Channel allocation in elastic optical networks using traveling salesman problem algorithms
Journal article, 2019
Elastic optical networks have been proposed to support high data rates in metro and core networks. However, frequency allocation of the channels (i.e., channel ordering) in such networks is a challenging problem. This requires arranging the optical channels within the frequency grid with the objective of ensuring a minimum signal-to-noise ratio (SNR). An optimal arrangement results in the highest SNR margin for the entire network. However, determining the optimal arrangement requires an exhaustive search through all possible arrangements (permutations) of the channels. The search space increases exponentially with the number of channels. This discourages an algorithm employing an exhaustive search for the optimal frequency allocation. We utilize the Gaussian noise (GN) model to formulate the frequency allocation (channel ordering) problem as a variant of the traveling salesman problem (TSP) using graph theory. Thereafter, we utilize graph-theoretic tools for the TSP from the existing literature to solve the channel ordering problem.
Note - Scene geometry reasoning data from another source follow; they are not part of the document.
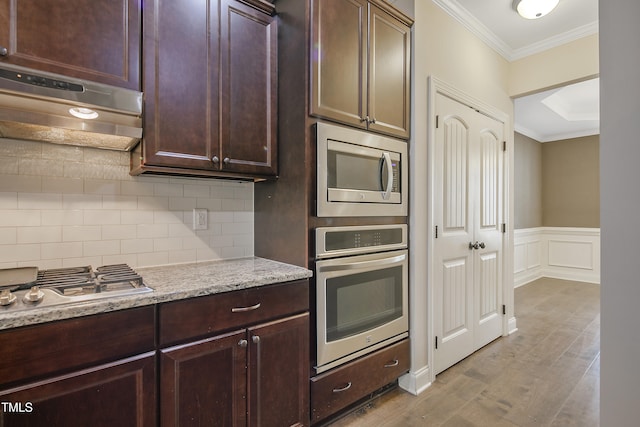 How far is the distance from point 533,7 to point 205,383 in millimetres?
3225

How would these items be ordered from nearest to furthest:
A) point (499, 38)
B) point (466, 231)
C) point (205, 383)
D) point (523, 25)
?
point (205, 383) < point (466, 231) < point (523, 25) < point (499, 38)

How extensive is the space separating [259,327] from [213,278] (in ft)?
1.03

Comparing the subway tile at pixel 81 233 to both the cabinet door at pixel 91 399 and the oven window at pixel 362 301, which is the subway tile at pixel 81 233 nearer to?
the cabinet door at pixel 91 399

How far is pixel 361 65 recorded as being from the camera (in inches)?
75.3

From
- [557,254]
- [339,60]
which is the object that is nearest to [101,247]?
[339,60]

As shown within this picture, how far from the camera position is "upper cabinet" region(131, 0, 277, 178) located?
147 cm

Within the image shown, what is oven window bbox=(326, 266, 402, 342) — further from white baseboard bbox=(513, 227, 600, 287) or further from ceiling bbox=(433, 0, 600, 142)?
white baseboard bbox=(513, 227, 600, 287)

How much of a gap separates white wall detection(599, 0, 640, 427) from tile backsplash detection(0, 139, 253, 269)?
183cm

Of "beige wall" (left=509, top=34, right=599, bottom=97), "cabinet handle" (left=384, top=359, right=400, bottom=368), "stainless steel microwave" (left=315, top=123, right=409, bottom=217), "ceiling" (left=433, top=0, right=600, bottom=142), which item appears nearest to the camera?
"stainless steel microwave" (left=315, top=123, right=409, bottom=217)

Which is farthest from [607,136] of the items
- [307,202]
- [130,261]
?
[130,261]

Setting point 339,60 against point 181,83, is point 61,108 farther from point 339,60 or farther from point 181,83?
point 339,60

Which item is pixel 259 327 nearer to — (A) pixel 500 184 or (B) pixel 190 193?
(B) pixel 190 193

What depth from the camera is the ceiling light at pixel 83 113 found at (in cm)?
126

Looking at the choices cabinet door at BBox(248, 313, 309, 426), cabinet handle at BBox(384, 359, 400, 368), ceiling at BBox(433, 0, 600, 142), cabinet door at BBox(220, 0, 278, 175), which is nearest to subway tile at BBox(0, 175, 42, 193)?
cabinet door at BBox(220, 0, 278, 175) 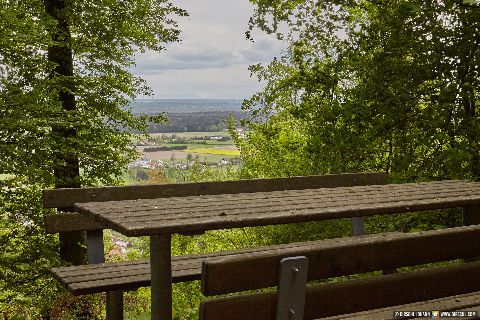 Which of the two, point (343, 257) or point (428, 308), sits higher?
point (343, 257)

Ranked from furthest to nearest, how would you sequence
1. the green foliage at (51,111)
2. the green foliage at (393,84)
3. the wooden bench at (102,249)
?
the green foliage at (51,111), the green foliage at (393,84), the wooden bench at (102,249)

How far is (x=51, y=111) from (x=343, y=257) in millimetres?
7941

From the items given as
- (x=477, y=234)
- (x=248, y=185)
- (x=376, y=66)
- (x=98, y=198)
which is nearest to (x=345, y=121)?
(x=376, y=66)

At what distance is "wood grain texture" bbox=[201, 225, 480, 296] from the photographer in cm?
176

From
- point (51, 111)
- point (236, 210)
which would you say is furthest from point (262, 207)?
point (51, 111)

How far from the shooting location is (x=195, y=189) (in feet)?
13.4

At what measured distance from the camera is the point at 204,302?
5.66ft

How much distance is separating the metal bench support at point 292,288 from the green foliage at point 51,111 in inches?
275

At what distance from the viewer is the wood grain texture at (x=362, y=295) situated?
70.5 inches

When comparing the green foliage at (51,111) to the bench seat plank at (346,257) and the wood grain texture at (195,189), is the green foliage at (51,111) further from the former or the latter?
the bench seat plank at (346,257)

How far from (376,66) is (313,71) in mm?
1128

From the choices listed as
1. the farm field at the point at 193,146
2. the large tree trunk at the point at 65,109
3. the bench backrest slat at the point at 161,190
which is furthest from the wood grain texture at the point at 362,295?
the farm field at the point at 193,146

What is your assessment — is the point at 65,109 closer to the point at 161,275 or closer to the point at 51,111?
the point at 51,111

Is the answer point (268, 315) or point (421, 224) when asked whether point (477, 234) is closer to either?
point (268, 315) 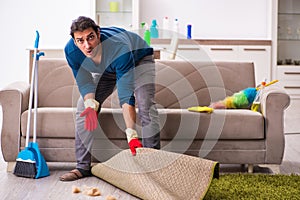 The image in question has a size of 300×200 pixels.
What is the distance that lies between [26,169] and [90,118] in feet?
1.67

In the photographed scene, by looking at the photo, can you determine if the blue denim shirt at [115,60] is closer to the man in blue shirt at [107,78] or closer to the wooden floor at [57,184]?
the man in blue shirt at [107,78]

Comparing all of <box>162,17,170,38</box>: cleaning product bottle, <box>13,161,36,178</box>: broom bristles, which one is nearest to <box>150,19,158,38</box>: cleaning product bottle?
<box>162,17,170,38</box>: cleaning product bottle

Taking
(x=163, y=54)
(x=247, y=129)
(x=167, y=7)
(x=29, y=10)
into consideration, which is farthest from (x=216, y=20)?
(x=247, y=129)

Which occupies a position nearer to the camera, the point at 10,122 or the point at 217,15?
the point at 10,122

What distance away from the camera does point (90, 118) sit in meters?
3.02

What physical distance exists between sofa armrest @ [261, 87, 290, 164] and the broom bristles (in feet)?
4.64

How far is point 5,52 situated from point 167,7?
215 cm

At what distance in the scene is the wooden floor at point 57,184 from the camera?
269 cm

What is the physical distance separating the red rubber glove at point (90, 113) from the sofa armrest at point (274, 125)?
1.05m

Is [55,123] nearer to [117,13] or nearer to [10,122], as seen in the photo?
[10,122]

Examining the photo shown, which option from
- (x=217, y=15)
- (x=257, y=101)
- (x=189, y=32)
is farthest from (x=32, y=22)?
(x=257, y=101)

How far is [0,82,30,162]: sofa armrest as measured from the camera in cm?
327

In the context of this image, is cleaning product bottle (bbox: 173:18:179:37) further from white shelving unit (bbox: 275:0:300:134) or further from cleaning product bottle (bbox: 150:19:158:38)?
white shelving unit (bbox: 275:0:300:134)

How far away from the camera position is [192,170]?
8.44 feet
Performance figures obtained for the proposed scheme show that it is marginally inferior to the optimal search (through all possible permutations) and outperforms any random allocation scheme. Moreover, the proposed scheme is implementable for a scenario with a large number of channels. In comparison, an exhaustive search with the GN model and split-step Fourier method simulations are shown to be feasible for a small number of channels only. It is also illustrated that the SNR decreases with an increase in bandwidth when the frequency separation is high.